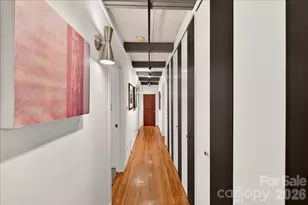 501 Ellsworth Rd, Charlotte, NC 28211 - Photo 32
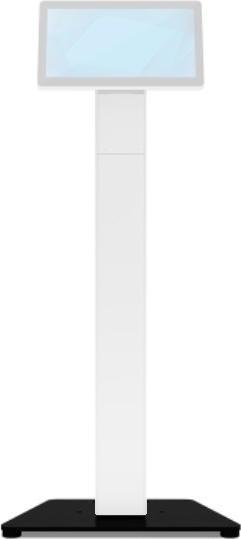 Immagine prodotto ēlo Elo Slim Self-Service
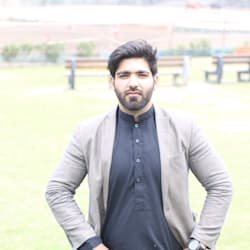 m_hussain_101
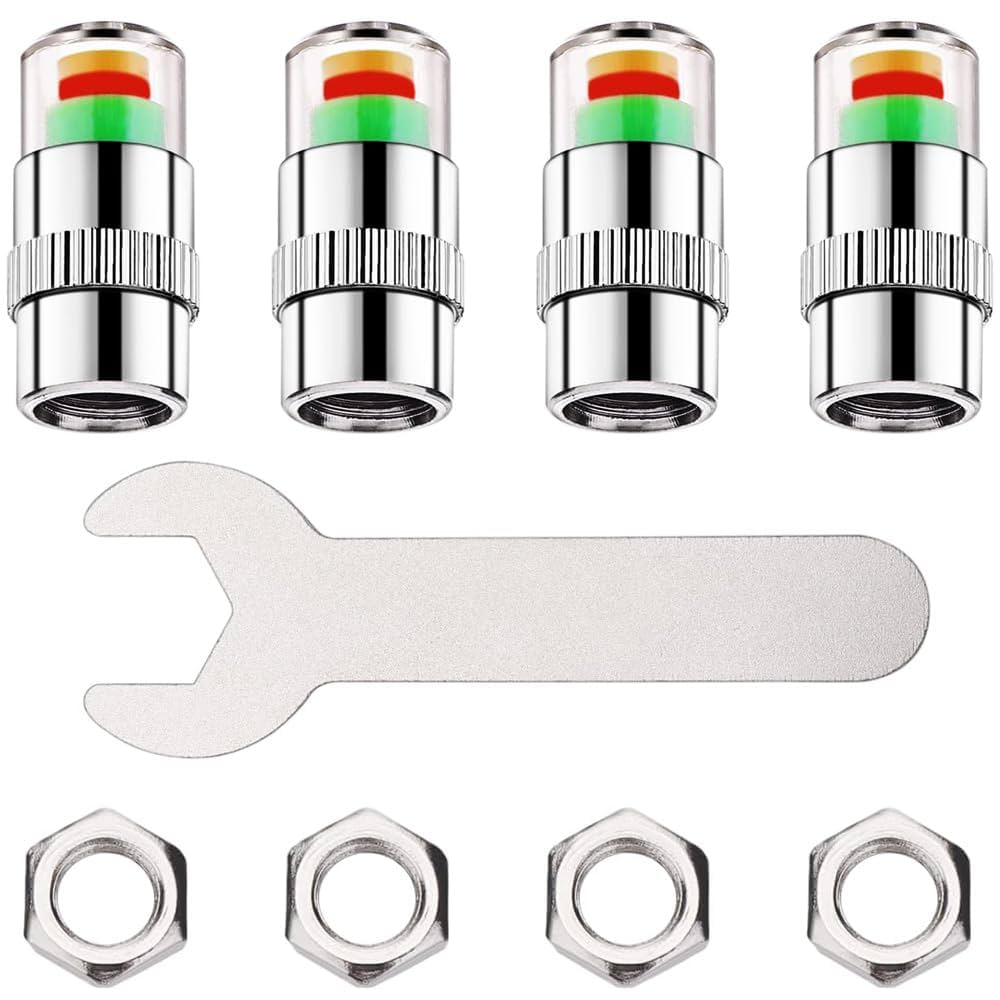 空気圧ベッド Amazon.co.jp: エアーベッド Zenph エアーベッド ダブル エア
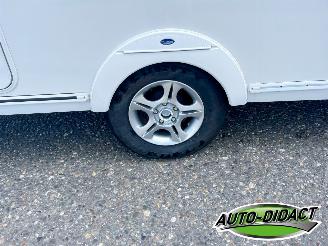 Caravelair  Antares picture 34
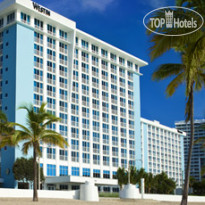The Westin Beach Resort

**What to do:** Each line above is to be copied exactly, and the pictures are to be dropped.

**Written response:**
 501 Ellsworth Rd, Charlotte, NC 28211 - Photo 32
 Immagine prodotto ēlo Elo Slim Self-Service
 m_hussain_101
 空気圧ベッド Amazon.co.jp: エアーベッド Zenph エアーベッド ダブル エア
 Caravelair  Antares picture 34
The Westin Beach Resort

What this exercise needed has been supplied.